On January 1, 2020, the first day of legal recreational sales, over 77,000 customers spent $3.2 million in legal sales at dispensaries across Illinois. These figures were historic as no other state, Oregon being second, has generated such significant first day recreational sales. Dispensaries saw long lines across the state with customers coming from across the Midwest and nation. On January 6, 2020, Governor Pritzker's office announced that in the first five full days of recreational adult-use sales, 271,169 individual transactions totaled over $10.8 million in sales statewide. Total sales for January 2020 approached $40 million, despite supply shortages.

In addition, more than 700 applications were submitted for the second round of newly awarded dispensary licenses, scheduled to be announced on May 1, 2020; over 600 were considered "social equity" applicants which meet certain criteria to benefit historically disenfranchised communities.

On December 31, 2020, Governor Pritzker announced that his administration granted pardons for 9,210 low-level cannabis convictions and the wiping of 492,000 non-felony cannabis-related arrest records.

==Cultivation==
Under the Illinois Cannabis Regulation and Tax Act, which took effect on January 1, 2020, stipulated that medical marijuana patients could grow up to five plants at a time in their home or on their property.
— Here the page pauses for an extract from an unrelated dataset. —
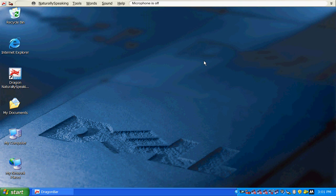Thank you for viewing this video about Dragon version 9. We're going to be using Dragon in Microsoft Word, so we'll get started.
However, recreational users cannot grow marijuana in their home nor on their premises at all. A violation of this stipulation is a civil penalty of 200 dollars. In regards to cultivating cannabis commercially, only Illinois's existing licensed medical marijuana facilities were able to grow the crop initially. However, in 2020 "craft growers" will be able to apply for licenses to cultivate cannabis for commercial use for no larger than 5,000 sqft of crop.

==Law waiving and suspending transport license fees==
In December 2023, the Governor signed into law a bill that waivers and suspends transport licence fees—until January 1, 2027—for the cannabis industry, including corporations and business associates.